1.  Nesting parallel for loops with OpenMP is not usually a good idea (although it should work).  Start by picking one loop to parallelize.
2.  You want to parallelize an outer loop, so that the threads are working on large pieces of computation and need to synchronize less.
3.  Pay close attention to whether iterations of your parallel loop are writing to the same locations.  If so, you'll need a `omp critical` to ensure correct updates.

This last point can be tricky.  If I have this code:

```
#pragma omp parallel for
for(int i = 0; i < 10; i++) {
    for(int j = 0; j < 10; j++) {
        for(int k = 0; k < 10; k++) {
            X[i][j] += Y[k][j];
```

The only store is the assignment to `X(i, j)`.  Since `i` is the index of the parallel loop, I know that no other thread will be updating `X(i,j)`, since no other thread will have the same value of `i`.

However, in this code:

```
#pragma omp parallel for
for(int i = 0; i < 10; i++) {
    for(int j = 0; j < 10; j++) {
        for(int k = 0; k < 10; k++) {
            X[k][j] += Y[i][j];
```

I don't have the same guarantee.  Since `i` does is not used to select an element in `X`, every other thread will write to that location as well.  In that case, I could do

```
#pragma omp parallel for
for(int i = 0; i < 10; i++) {
    for(int j = 0; j < 10; j++) {
        for(int k = 0; k < 10; k++) {
#pragma omp critical
            X[k][j] += Y[i][j];
```
Which will probably be really slow, or I could create a private tensor, do my updates there, and then merge them into `X`.

5.  Pay close attention to write sharing when you are deciding how to parallelize.  Can the iterations of your parallel loop iterations write to the same place?
4.  `omp simd` only works on inner loops.
5.  `omp parallel for` works best on outer loops.
7.  `gprof` doesn't work for multithreading, so use `ET` to measure how long things take.

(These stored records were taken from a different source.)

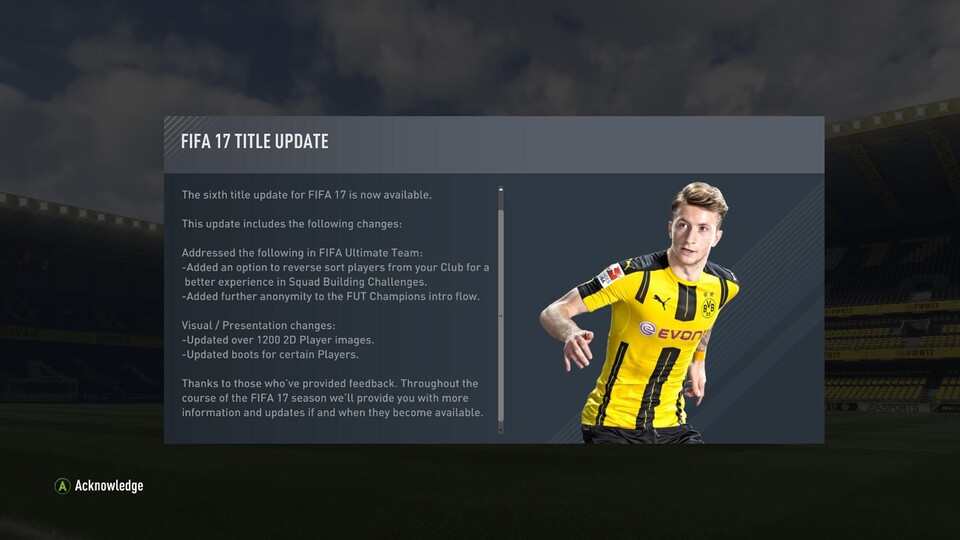 EA Sports will noch die ganze Saison über weitere Titel-Updates zu FIFA 17 veröffentlichen.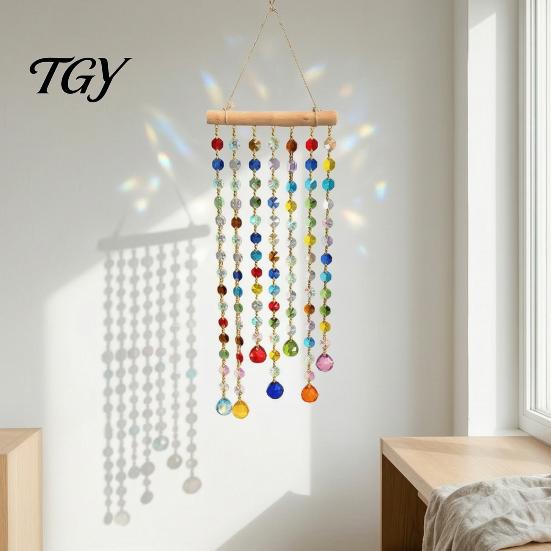 Crystal Bead Window Decoration Suncatchers, Crystals Hanging Suncatcher, Colorful Glass Beads Chain Natural Wood Art Wind Chimes for Garden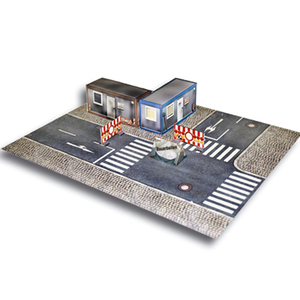 3d纸模立体拼图纸模型diy手工折纸玩具场景搭配1比87马路街道建筑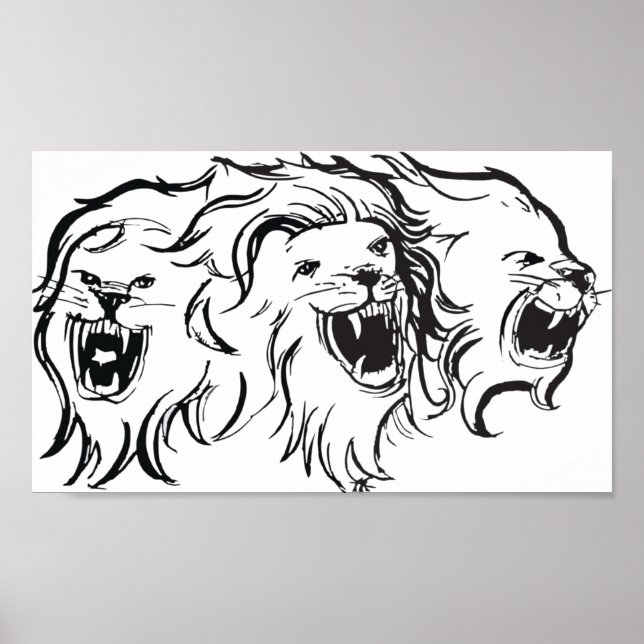 Löwen an der Wand Poster (Vorne)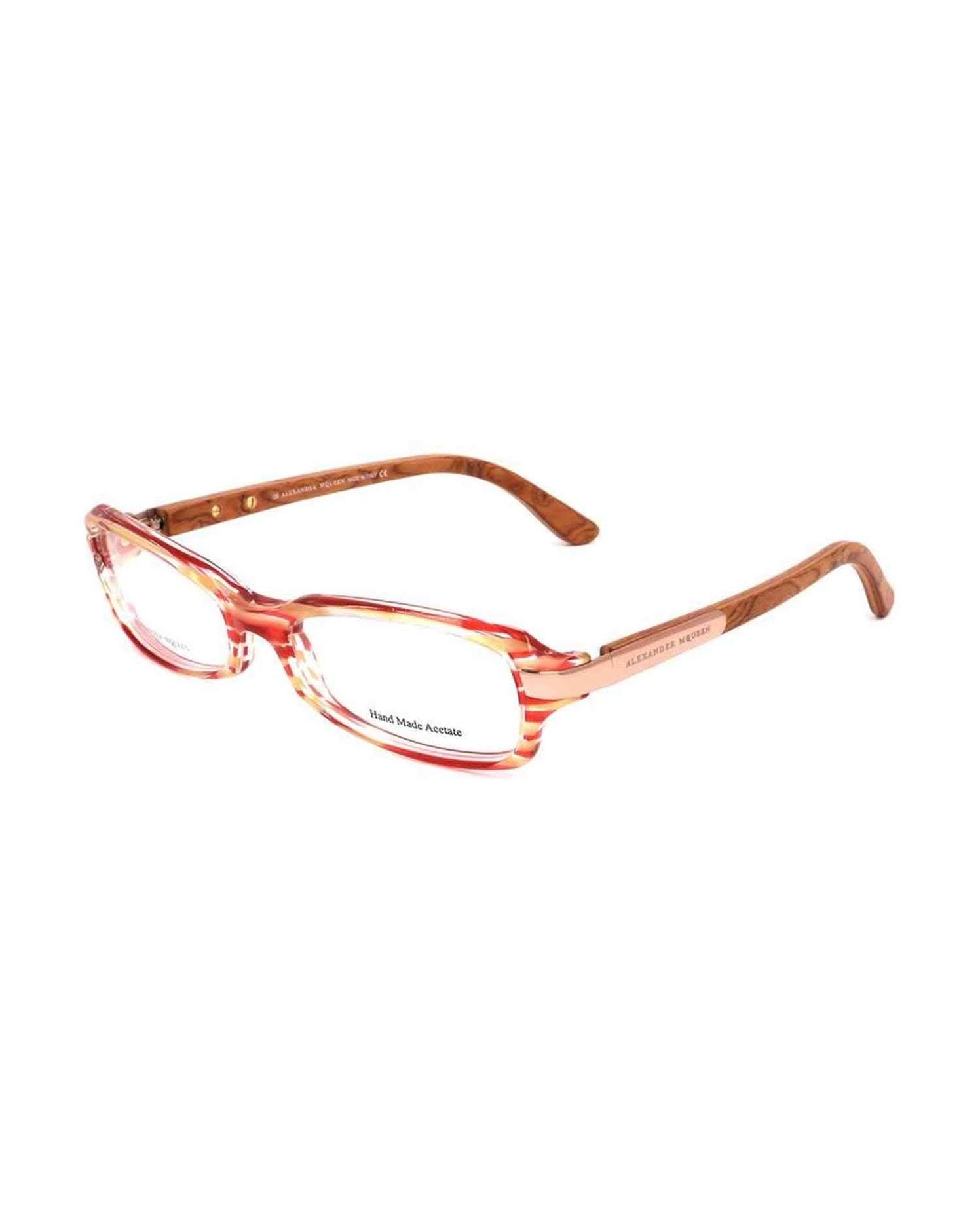 Alexander Mcqueen Red Acetate Frame Eyeglasses
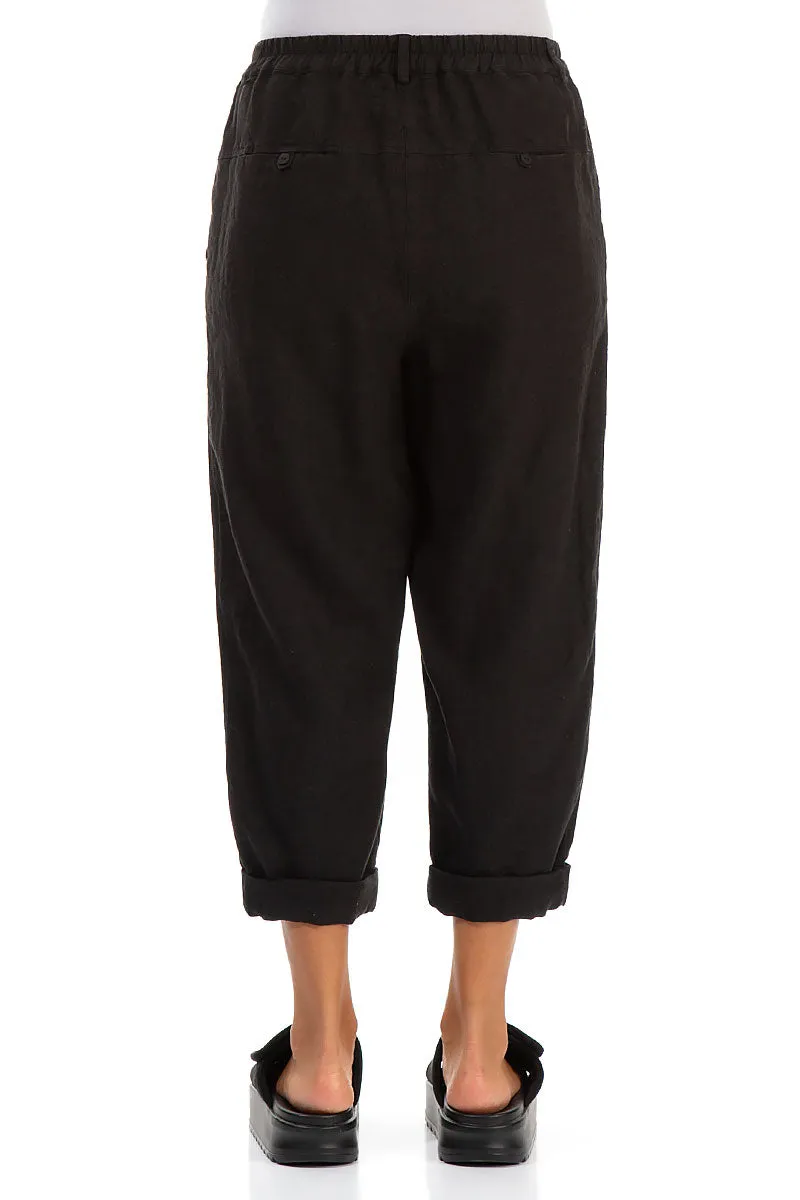 Roll Up Black Linen Trousers OdorResistant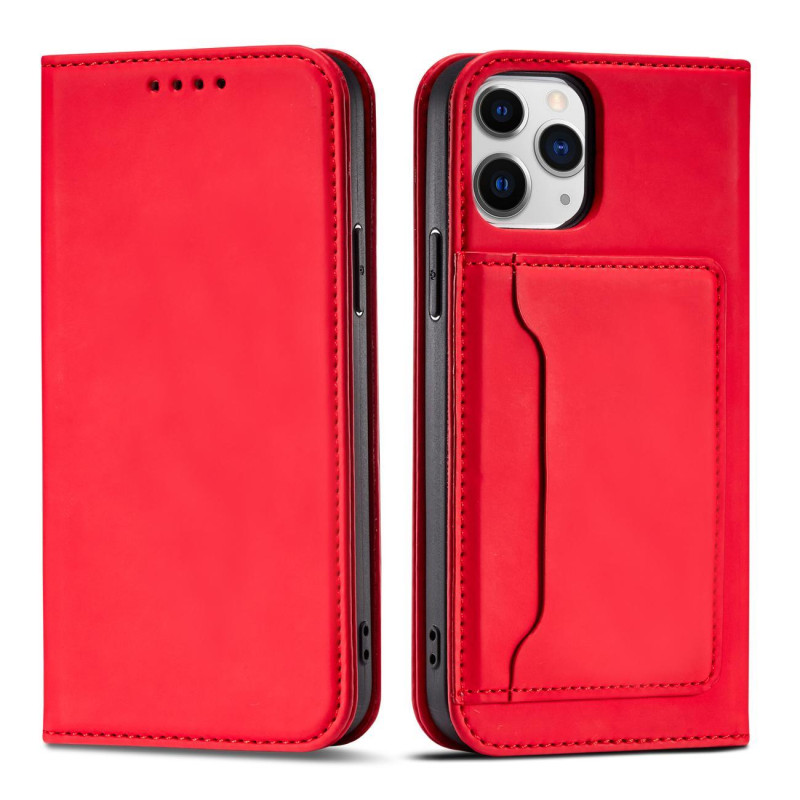 Magnetinis kortelės dėklas iPhone 12 Pro, dangtelis, kortelių piniginė, kortelių stovas, raudonas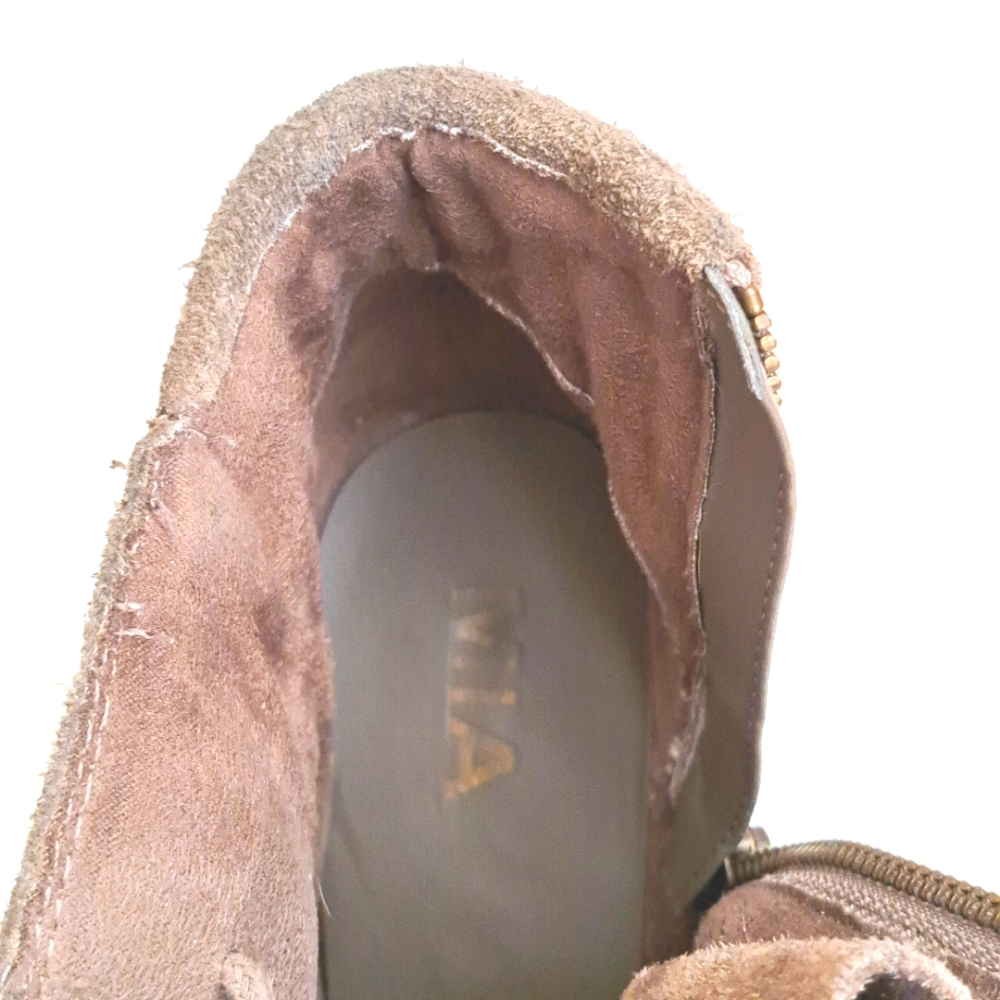 MIA Debra Taupe Suede tie up wedge ankle booties, sz 7 US, NM2395A - Picture 9 of 11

<div class="alert alert-block alert-danger">

**Only Gradescope Counts** The scores produced here **do not** count.  Only gradescope counts.  The results here should match what Gradescope does, but I would test your solution on Gradescope well-ahead of the deadline to ensure your code is working like you expect.
    
</div>

# Turning in the programming assignment/lab


You need to turn in your notebook and your programming assignment/lab in the specific gradescope item.  
After you complete the assignment/lab, you will turn it in by submitting your latest github repository.

**Step 1:**  Save your workbook!!!

In [None]:
!for i in 1 2 3 4 5; do echo Save your files!!; sleep 1; done

**Step 2:**  Commit everything. Please run the following command.

In [None]:
!git commit -am "Yay! I am ready to turn in!"
!git push

**Step 3**: 
Submit through gradescope
You'll turn in your programming assignment by providing gradescope with your github repo of this assignment.   It'll run the autograder and return the results.